EXERCISE PROMPT
Locate the line containing "PEARL CHAIN FLIP-FLOPS SILVER LEATHER - 35" in the material below. Copy that line and all following lines through the end exactly, omitting any pictures.

········

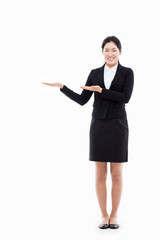 Asian business woman indicate blank space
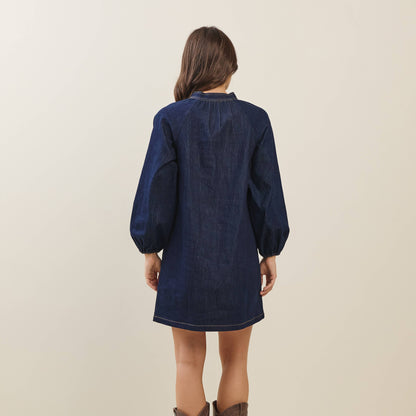 Bow denim mini dress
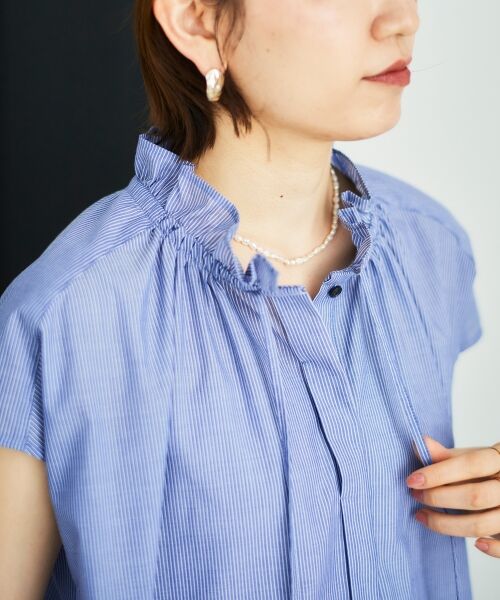 le.coeur blanc / ルクールブラン シャツ・ブラウス | ストライプフリルカラーブラウス | 詳細24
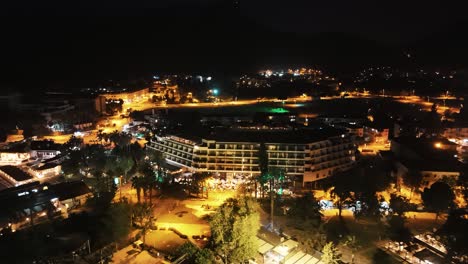 Drone-View-of-Kemer-City-of-Antalya,-Resort-Town-on-Mediterranean-Coast-of-Turkey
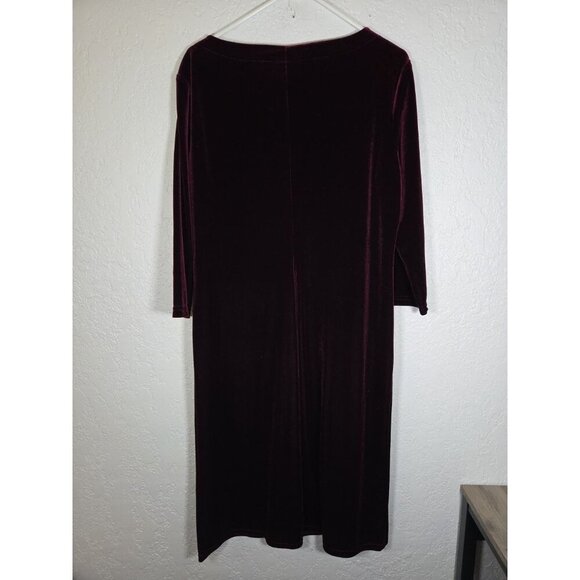 Vintage 90s Kathie Lee Womens Velvet Midi Dress X Large 16/18 Maroon Whimsigoth - Picture 2 of 3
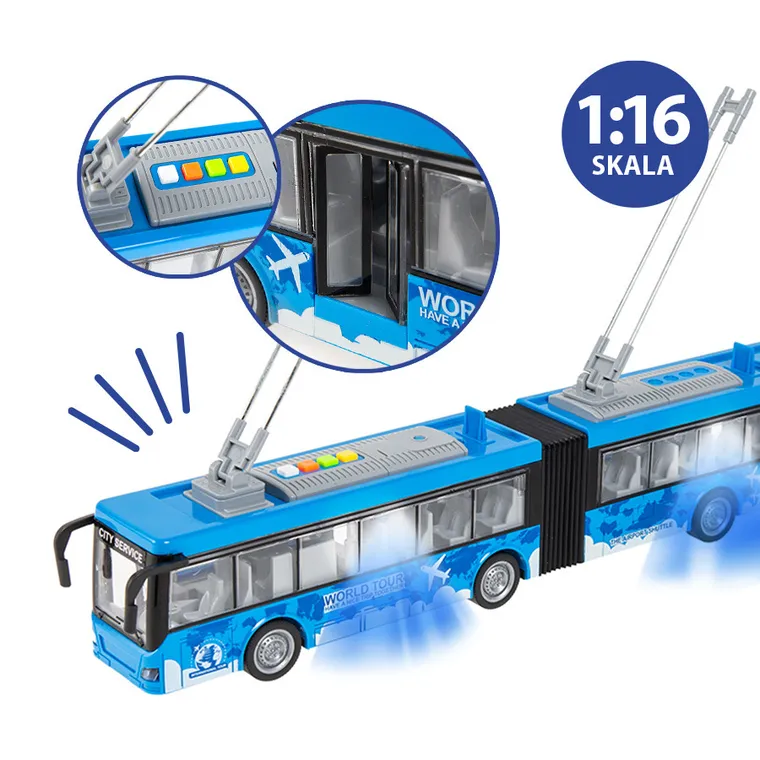 Smiki, Autobus, pojazd, światło i dźwięk, niebieski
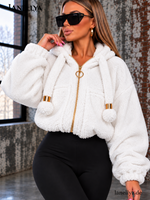 Mia Maison Damen Teddy Sweatshirt Weiß mit Kapuze und goldenem Reißverschluss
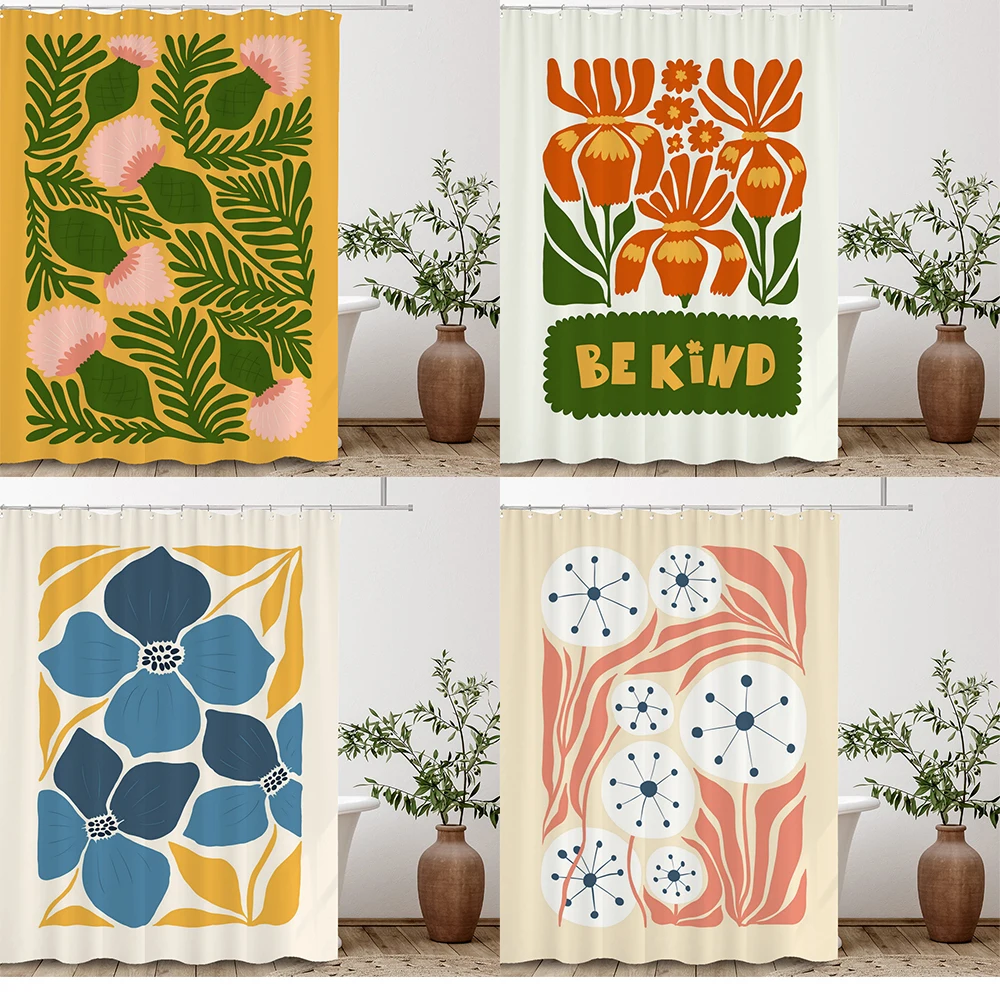 

1 pack of art flowers and plants shower curtain waterproof cloth bathroom curtain bathroom water-blocking partition curtain
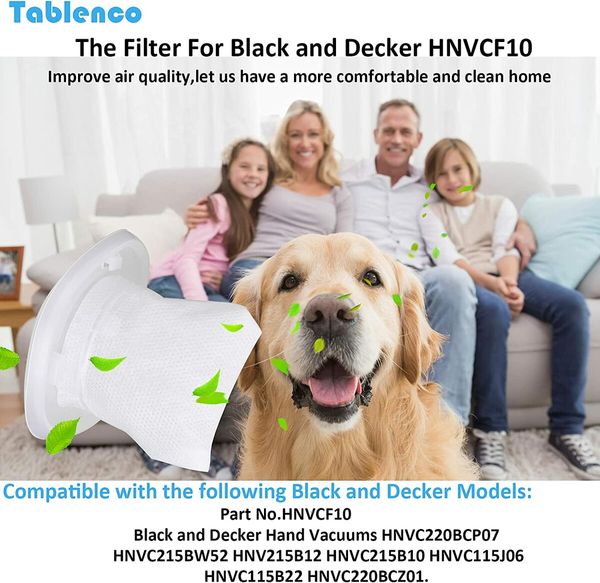 HNVCF10 Replacement Filters, Compatible with Black and Decker Dustbuster Hand Vacuums (6 Pack)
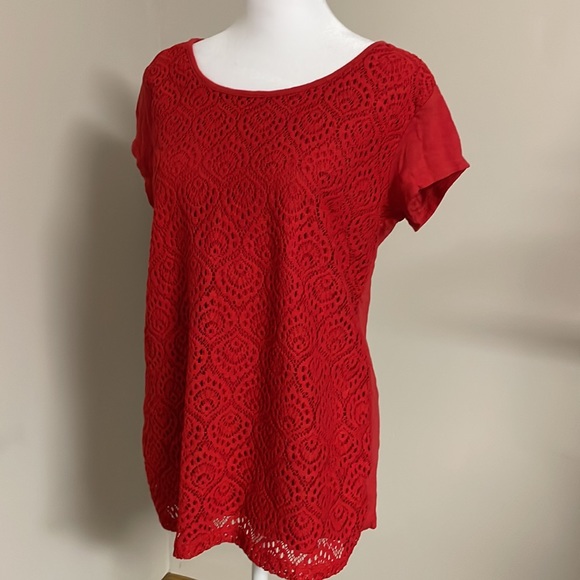 Liz Claiborne Red Lace Top - Picture 4 of 8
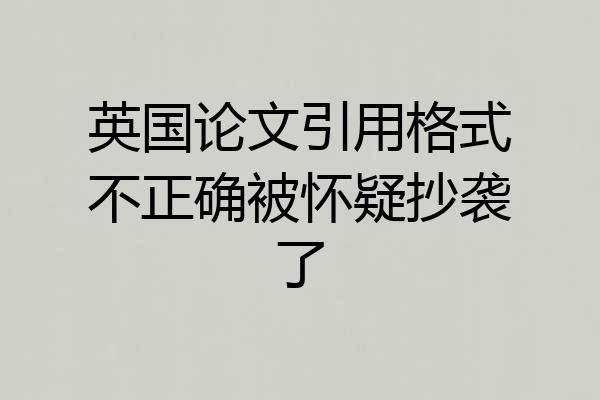 英国论文引用格式不正确被怀疑抄袭了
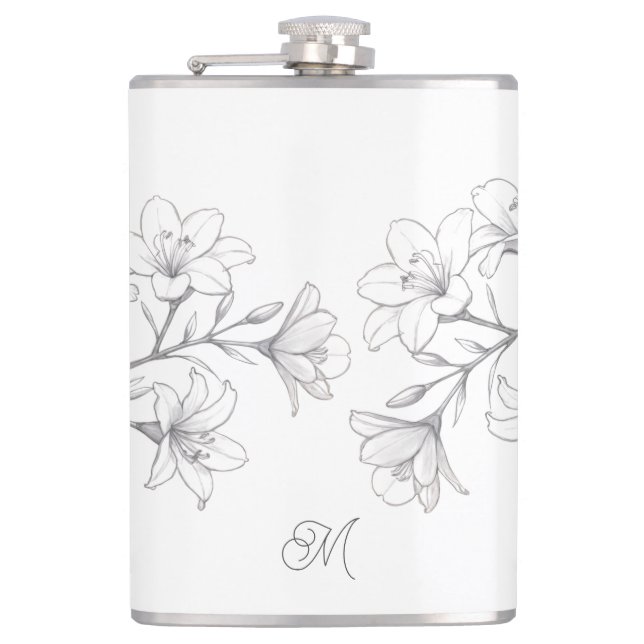 Azalea Floral Delicate Pencil Sketch Flask (Front)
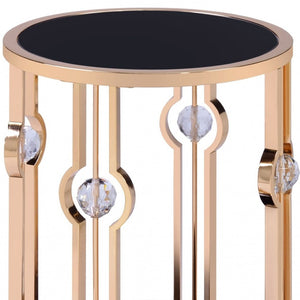 HomeRoots 24" Gold and Black Glass Round End Table - Modern Glam Accent for Living Room, Bedroom, Entryway 347400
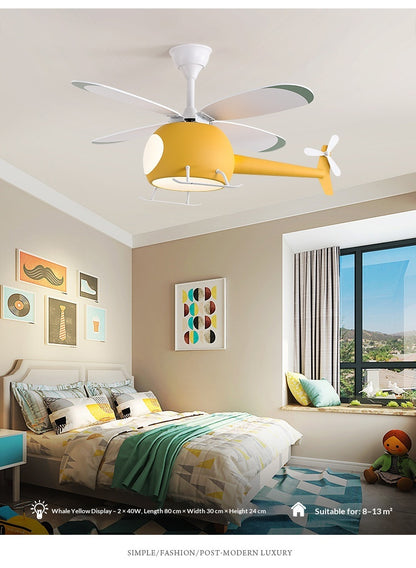 Cartoon-Flugzeug-Deckenventilator mit Licht für Kinderzimmer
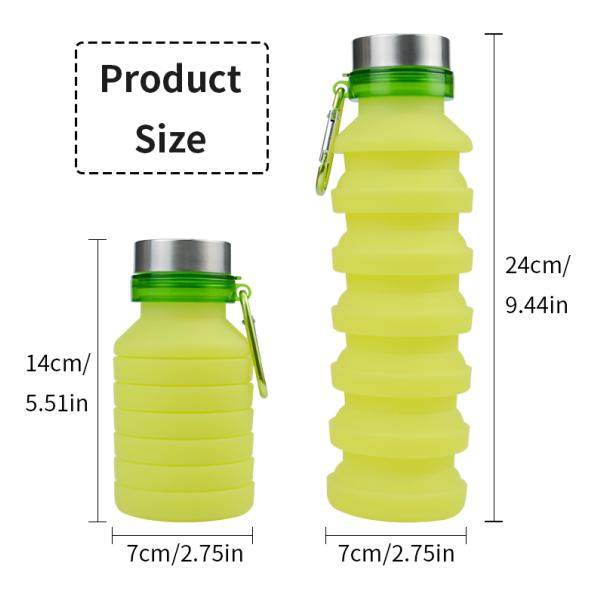 Silicone Sleeve 500ML Collapsible Water Bottle with Lid Eco-Friendly and Durable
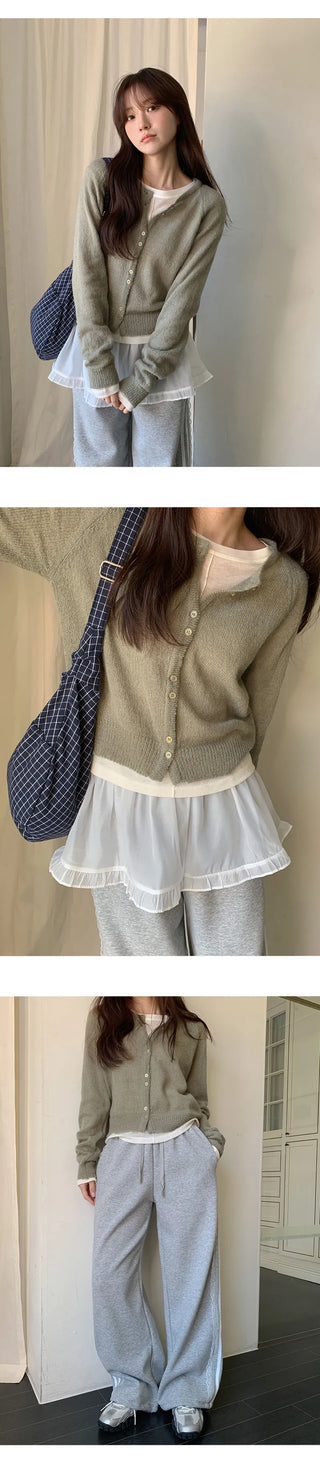 Edri Mohair Raglan Long Sleeve Cardigan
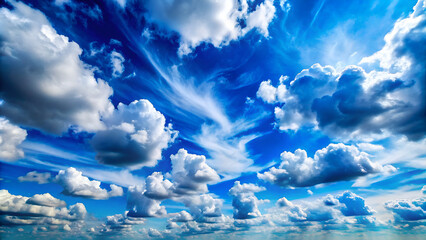 Wall Mural - Beautiful blue sky cloudsfor background. Panorama of sky.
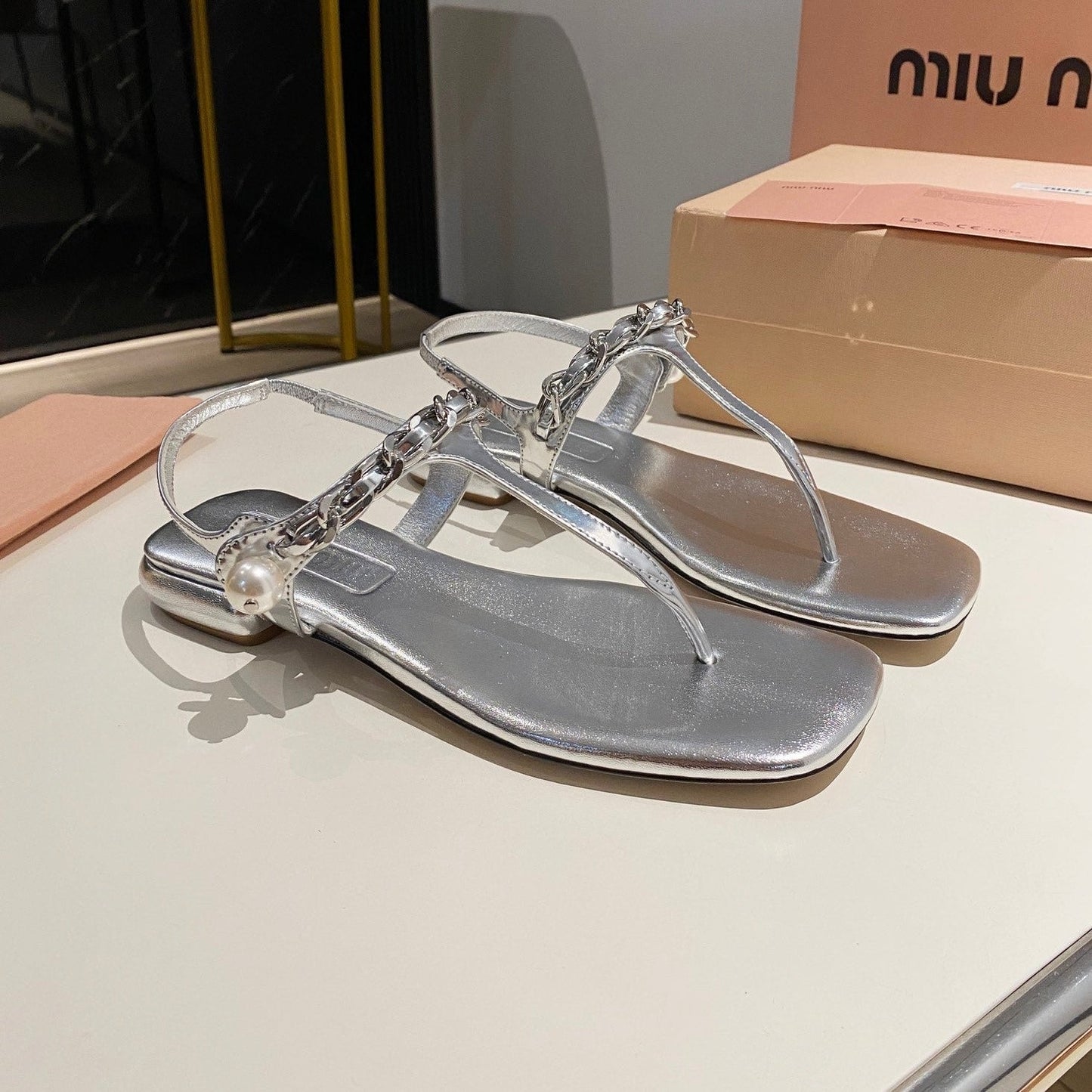 PEARL CHAIN FLIP-FLOPS SILVER LEATHER - 35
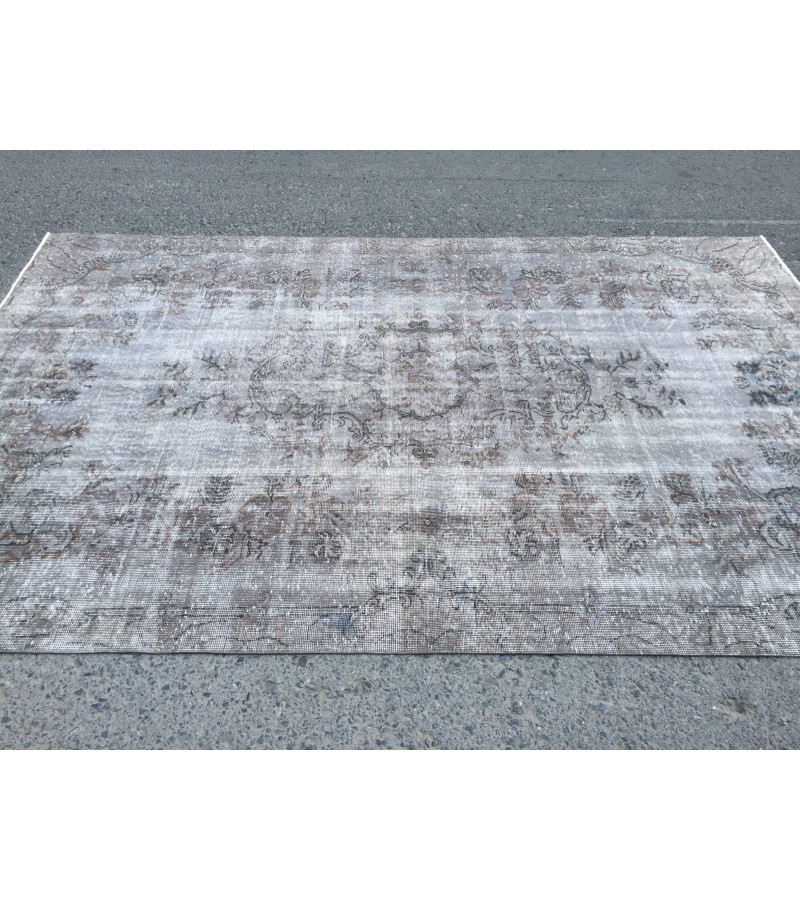 6x10 hand woven rug, grey brown office rug, Turkish rug ,6'1 X 9'6 Handmade Rug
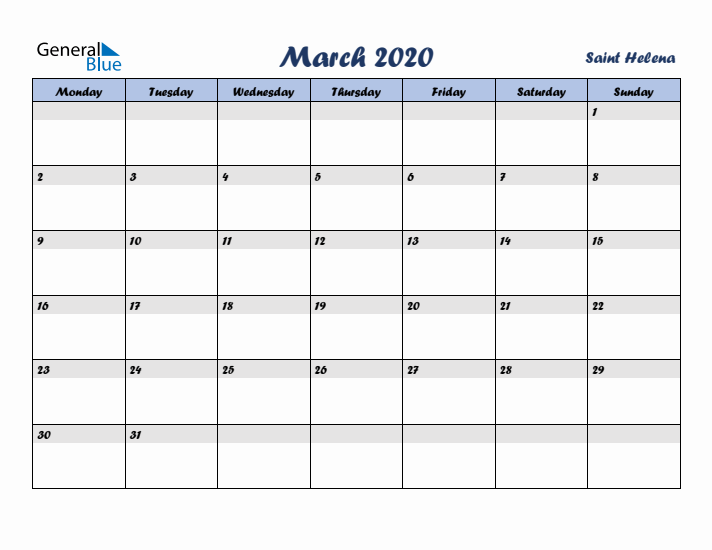 March 2020 Calendar with Holidays in Saint Helena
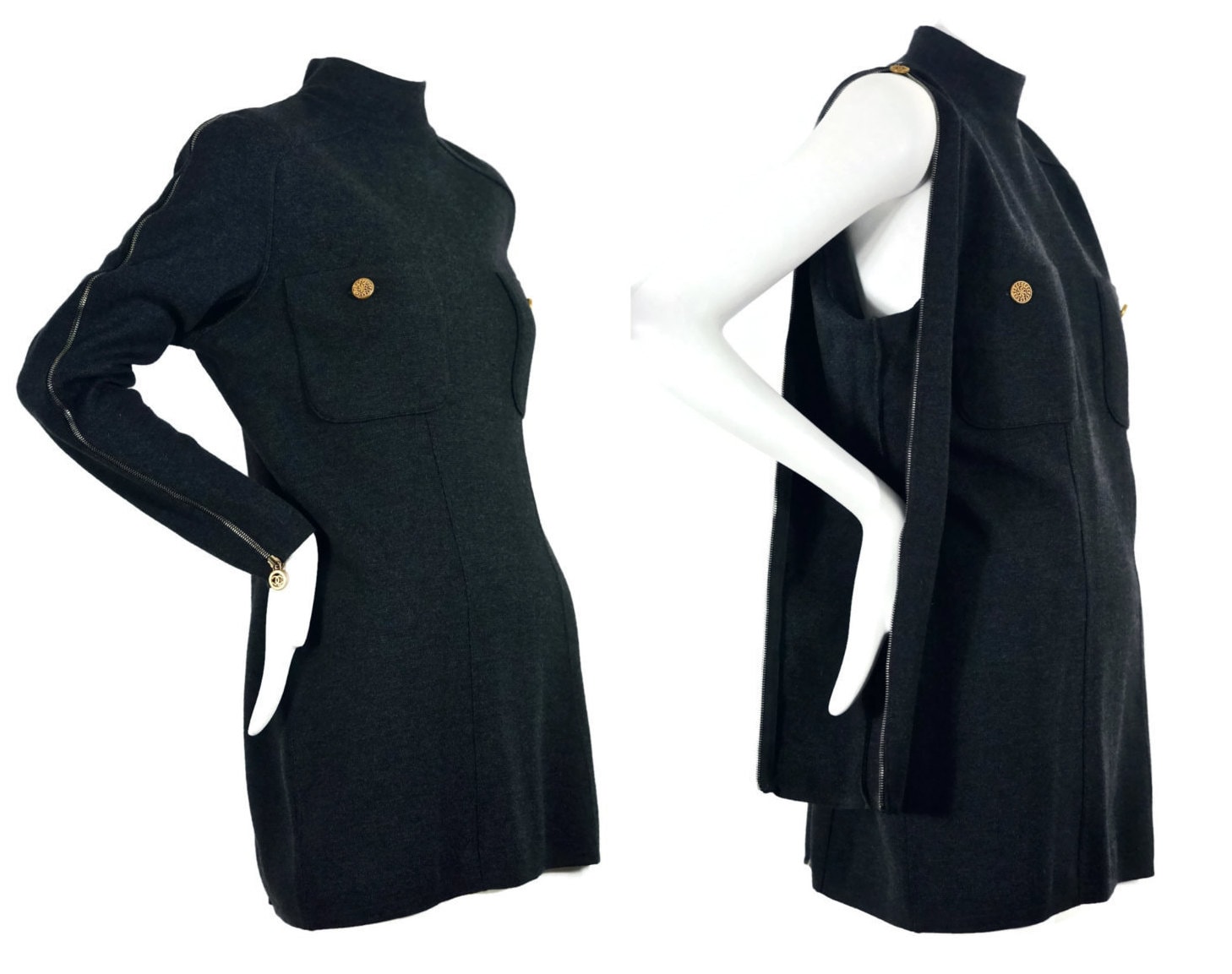 CHANEL BOUTIQUE ダークグレー ジャケット　36 ヴィンテージ CHANEL BOUTIQUE ダークグレー ジャケット36 ヴィンテージ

········

THE COMPLETED TASK
 PEARL CHAIN FLIP-FLOPS SILVER LEATHER - 35
 6x10 hand woven rug, grey brown office rug, Turkish rug ,6'1 X 9'6 Handmade Rug
 March 2020 Calendar with Holidays in Saint Helena
 CHANEL BOUTIQUE ダークグレー ジャケット　36 ヴィンテージ CHANEL BOUTIQUE ダークグレー ジャケット36 ヴィンテージ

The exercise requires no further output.